* [Dataset records]:
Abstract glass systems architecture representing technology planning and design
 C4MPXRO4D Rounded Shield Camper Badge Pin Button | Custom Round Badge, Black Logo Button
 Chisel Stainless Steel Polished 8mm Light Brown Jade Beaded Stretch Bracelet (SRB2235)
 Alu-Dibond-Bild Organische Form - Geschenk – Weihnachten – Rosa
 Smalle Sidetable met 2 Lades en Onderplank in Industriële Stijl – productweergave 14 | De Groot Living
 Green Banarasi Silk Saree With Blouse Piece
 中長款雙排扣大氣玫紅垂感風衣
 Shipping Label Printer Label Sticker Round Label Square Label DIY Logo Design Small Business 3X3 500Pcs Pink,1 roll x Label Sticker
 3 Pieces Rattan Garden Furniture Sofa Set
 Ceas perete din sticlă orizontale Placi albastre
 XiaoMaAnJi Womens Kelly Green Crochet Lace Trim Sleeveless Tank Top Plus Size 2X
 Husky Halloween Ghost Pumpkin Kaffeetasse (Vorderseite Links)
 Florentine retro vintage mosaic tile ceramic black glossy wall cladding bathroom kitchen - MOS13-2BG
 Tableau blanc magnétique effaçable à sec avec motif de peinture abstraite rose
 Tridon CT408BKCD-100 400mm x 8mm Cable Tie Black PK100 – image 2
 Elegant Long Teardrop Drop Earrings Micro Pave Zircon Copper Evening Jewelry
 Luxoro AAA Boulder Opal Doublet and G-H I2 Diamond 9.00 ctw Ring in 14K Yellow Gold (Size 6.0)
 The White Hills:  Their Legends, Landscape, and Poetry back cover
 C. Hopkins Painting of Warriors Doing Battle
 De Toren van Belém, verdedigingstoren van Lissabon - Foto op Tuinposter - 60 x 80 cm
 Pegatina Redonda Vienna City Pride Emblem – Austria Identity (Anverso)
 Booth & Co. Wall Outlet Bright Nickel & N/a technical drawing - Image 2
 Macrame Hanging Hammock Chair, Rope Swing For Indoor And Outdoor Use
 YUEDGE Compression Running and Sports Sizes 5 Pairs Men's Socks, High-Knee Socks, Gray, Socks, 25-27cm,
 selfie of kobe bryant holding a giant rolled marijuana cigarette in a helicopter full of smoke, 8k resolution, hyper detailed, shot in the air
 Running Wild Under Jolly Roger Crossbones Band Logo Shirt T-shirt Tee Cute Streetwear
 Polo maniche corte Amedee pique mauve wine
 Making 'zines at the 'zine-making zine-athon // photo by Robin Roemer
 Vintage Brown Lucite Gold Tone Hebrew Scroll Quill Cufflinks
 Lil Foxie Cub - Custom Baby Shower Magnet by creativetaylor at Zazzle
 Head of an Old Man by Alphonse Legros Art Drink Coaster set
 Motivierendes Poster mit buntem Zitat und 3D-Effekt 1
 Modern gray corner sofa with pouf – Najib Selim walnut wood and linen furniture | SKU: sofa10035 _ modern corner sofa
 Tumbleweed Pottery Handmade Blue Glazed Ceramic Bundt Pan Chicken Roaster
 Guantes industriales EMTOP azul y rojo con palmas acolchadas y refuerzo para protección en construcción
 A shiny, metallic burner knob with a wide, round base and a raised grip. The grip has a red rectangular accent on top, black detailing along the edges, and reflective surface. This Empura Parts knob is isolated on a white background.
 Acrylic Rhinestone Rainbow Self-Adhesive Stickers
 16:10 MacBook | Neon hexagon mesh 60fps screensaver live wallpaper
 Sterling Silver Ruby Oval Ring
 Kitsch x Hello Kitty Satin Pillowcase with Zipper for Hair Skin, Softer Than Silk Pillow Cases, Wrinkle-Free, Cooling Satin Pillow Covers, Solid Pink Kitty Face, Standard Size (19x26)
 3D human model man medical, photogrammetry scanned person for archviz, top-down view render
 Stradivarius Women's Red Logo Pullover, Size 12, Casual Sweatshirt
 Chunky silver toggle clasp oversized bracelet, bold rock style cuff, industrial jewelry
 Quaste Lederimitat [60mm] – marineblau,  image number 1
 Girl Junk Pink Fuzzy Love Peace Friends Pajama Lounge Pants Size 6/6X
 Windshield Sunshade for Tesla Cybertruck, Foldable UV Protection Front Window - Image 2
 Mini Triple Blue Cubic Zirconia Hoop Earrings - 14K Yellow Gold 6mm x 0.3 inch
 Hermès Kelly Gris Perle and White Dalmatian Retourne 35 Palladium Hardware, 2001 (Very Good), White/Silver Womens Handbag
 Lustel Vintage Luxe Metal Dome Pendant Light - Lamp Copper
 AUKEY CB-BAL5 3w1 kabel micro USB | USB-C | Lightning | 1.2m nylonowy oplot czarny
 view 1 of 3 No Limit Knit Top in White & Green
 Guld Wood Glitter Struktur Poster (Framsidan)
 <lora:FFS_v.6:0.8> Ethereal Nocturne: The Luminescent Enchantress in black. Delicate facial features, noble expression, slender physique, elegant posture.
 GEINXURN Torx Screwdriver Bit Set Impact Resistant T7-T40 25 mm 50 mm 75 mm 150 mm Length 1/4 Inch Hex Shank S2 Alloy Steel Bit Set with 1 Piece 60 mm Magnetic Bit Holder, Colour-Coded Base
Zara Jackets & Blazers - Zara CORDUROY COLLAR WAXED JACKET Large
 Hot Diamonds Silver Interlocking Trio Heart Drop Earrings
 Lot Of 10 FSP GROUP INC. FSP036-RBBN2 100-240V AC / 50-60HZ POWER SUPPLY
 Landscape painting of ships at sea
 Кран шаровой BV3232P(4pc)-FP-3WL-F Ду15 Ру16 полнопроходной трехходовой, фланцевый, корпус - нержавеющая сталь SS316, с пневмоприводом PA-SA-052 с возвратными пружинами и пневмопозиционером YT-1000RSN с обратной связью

* [What is being asked]:
Beginning with the line that holds "Landscape painting of ships at sea" and ending with the last line of the material, retype each line exactly and output nothing else.

* [Completed task]:
 Landscape painting of ships at sea
 Кран шаровой BV3232P(4pc)-FP-3WL-F Ду15 Ру16 полнопроходной трехходовой, фланцевый, корпус - нержавеющая сталь SS316, с пневмоприводом PA-SA-052 с возвратными пружинами и пневмопозиционером YT-1000RSN с обратной связью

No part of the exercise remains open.